Этот закон, вероятно, имеет и всеобщий характер: всякий делающий всегда порождает и то, и другое — и благо, и зло. Один только — больше блага, другой — больше зла.
Но как бы она себя ни успокаивала, и как бы ни знала она отлично, что эти несчастные случаи вместе со случаями неверных диагнозов, поздно принятых или неверно принятых мер, может быть не составят и двух процентов всей её деятельности, — а излеченные ею, а возвращённые к жизни, а спасённые, а исцелённые ею молодые и старые, женщины и мужчины, ходят по пашне, по траве, по асфальту, летают по воздуху, лазят по столбам, убирают хлопок, метут улицы, стоят за прилавками, сидят в кабинетах или в чайханах, служат в армии и во флоте, и их тысячи, и не все они забыли её и не все забудут, — она знала также, что сама она скорее забудет их всех, свои лучшие случаи, свои труднейшие победы, а до могилы будет помнить тех нескольких, тех немногих горемык, которые попали под колёса.

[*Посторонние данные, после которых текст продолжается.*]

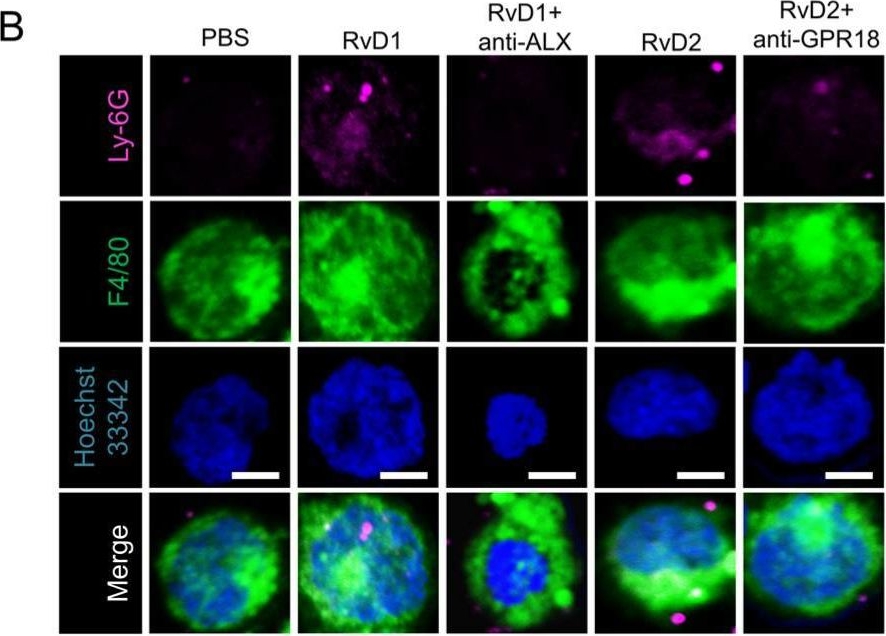 Fig.4.B showing Immunocytochemistry-immunofluorescence in a Homo sapiens (Human) sample from the publication: Lung Inflammation Resolution by RvD1 and RvD2 in a Receptor-Dependent Manner.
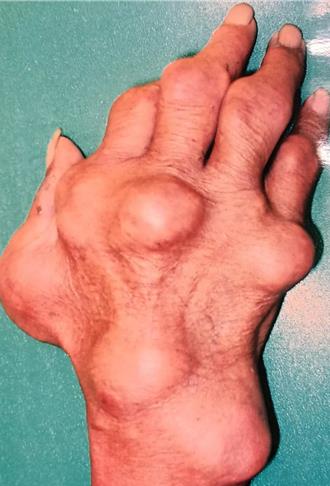 「王者之病」年輕化 醫提飲食原則避痛風找上身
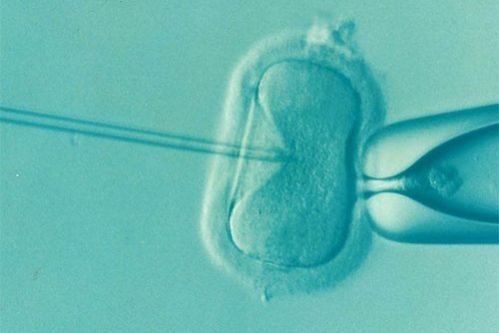 Дополнительная процедура, предлагаемая при искусственном оплодотворении, оказалась бесполезной — МедНовости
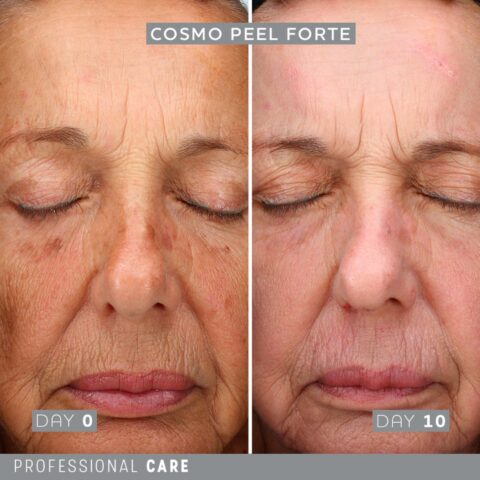 The Cosmetic Studio - Cosmo Peel Forte Before and After 01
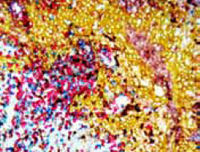 IHC picture of formalin-fixed paraffin-embedded human tonsil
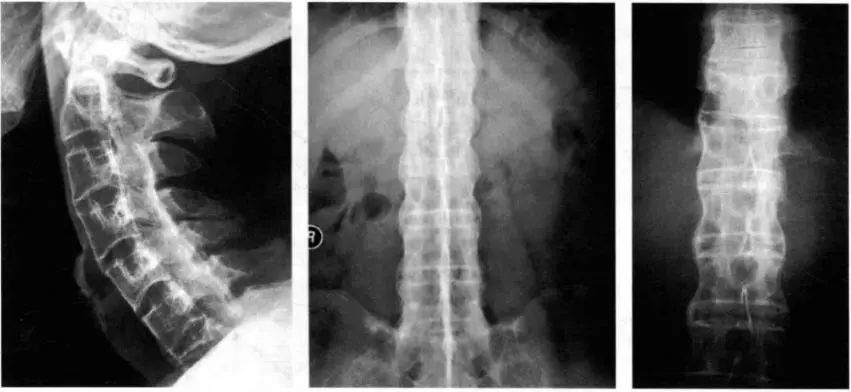 强直性脊柱炎|NSAIDs在强直性脊柱炎治疗中的应用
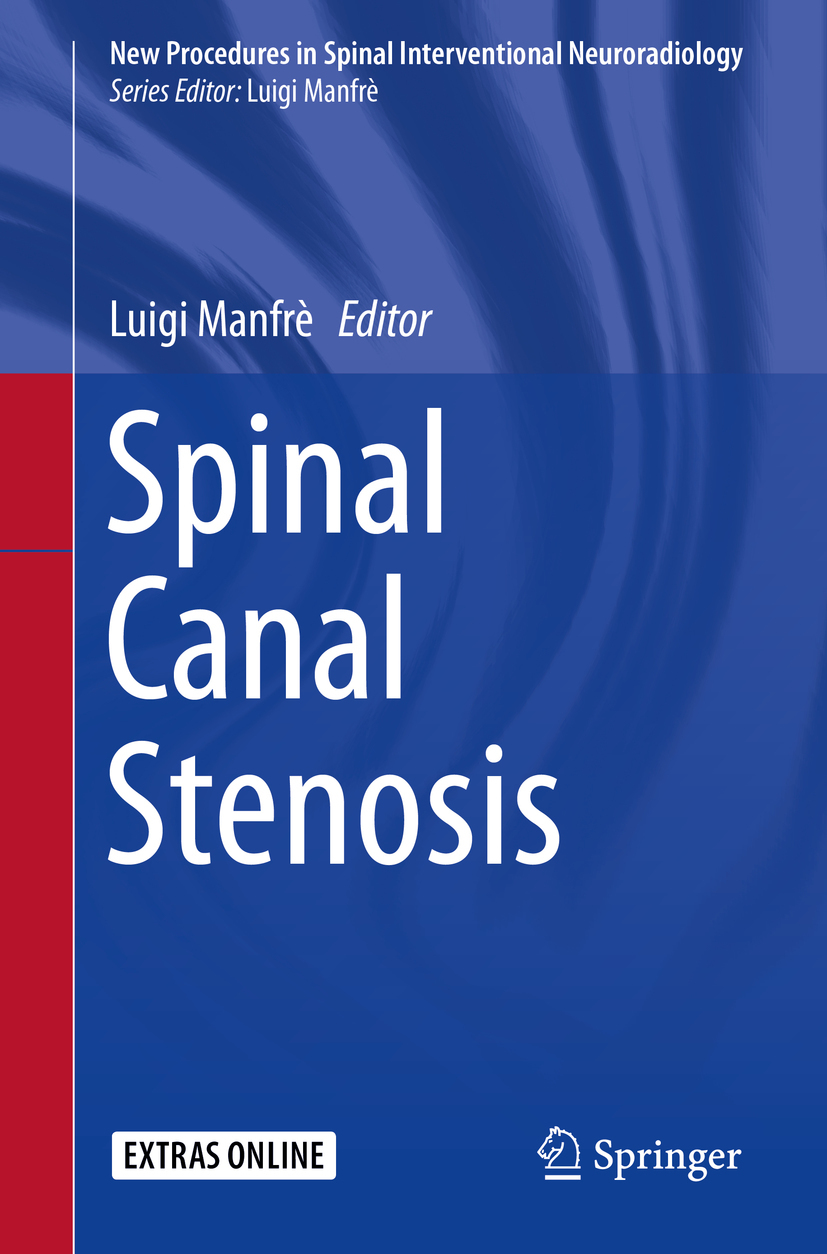 Manfrè, Luigi - Spinal Canal Stenosis, ebook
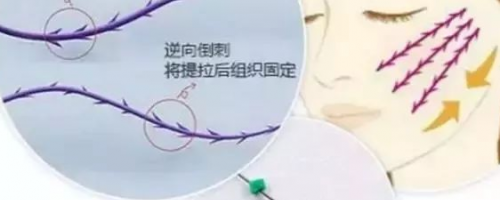 埋線提升+玻尿酸=鋼筋+混凝土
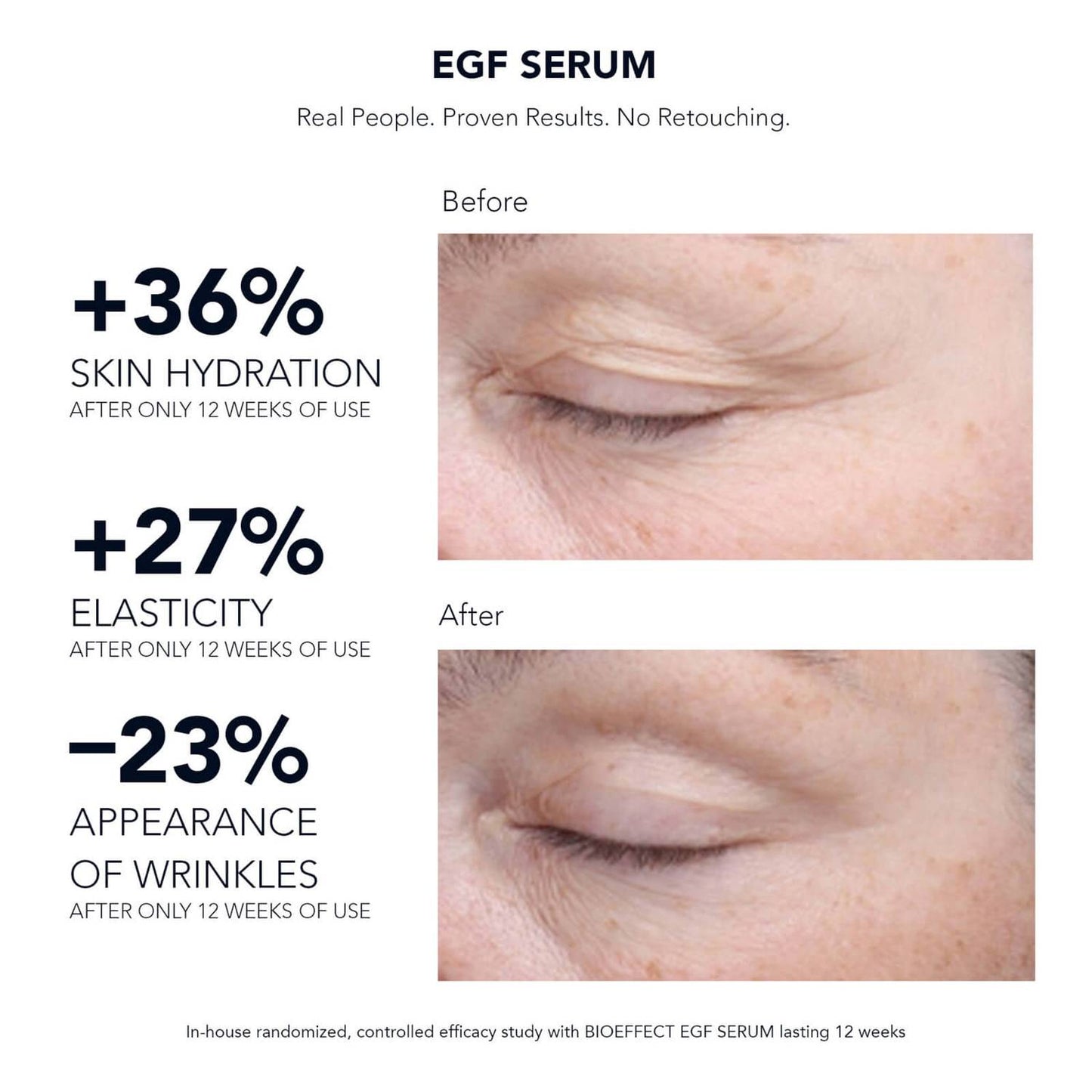 BIOEFFECT EGF Serum 15 ml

Такова была особенность её памяти.
Нет, готовиться к сообщению сегодня она уже не сможет, да и день к концу. (Разве взять папку домой? Наверняка провозишь зря, хоть сотни раз она так брала и возила).
А что надо успеть сделать — вот "Медицинскую радиологию" освободить, статейки дочесть. И ответить этому фельдшеру в Тахта-Купыр на его вопрос.
Плохой становился свет из пасмурного окна, она зажгла настольную лампу и уселась. Заглянула одна из ординаторок, уже без халата: "Вы не идёте, Людмила Афанасьевна?" И Вера Гангарт зашла: "Вы не идёте?" — А как Русанов?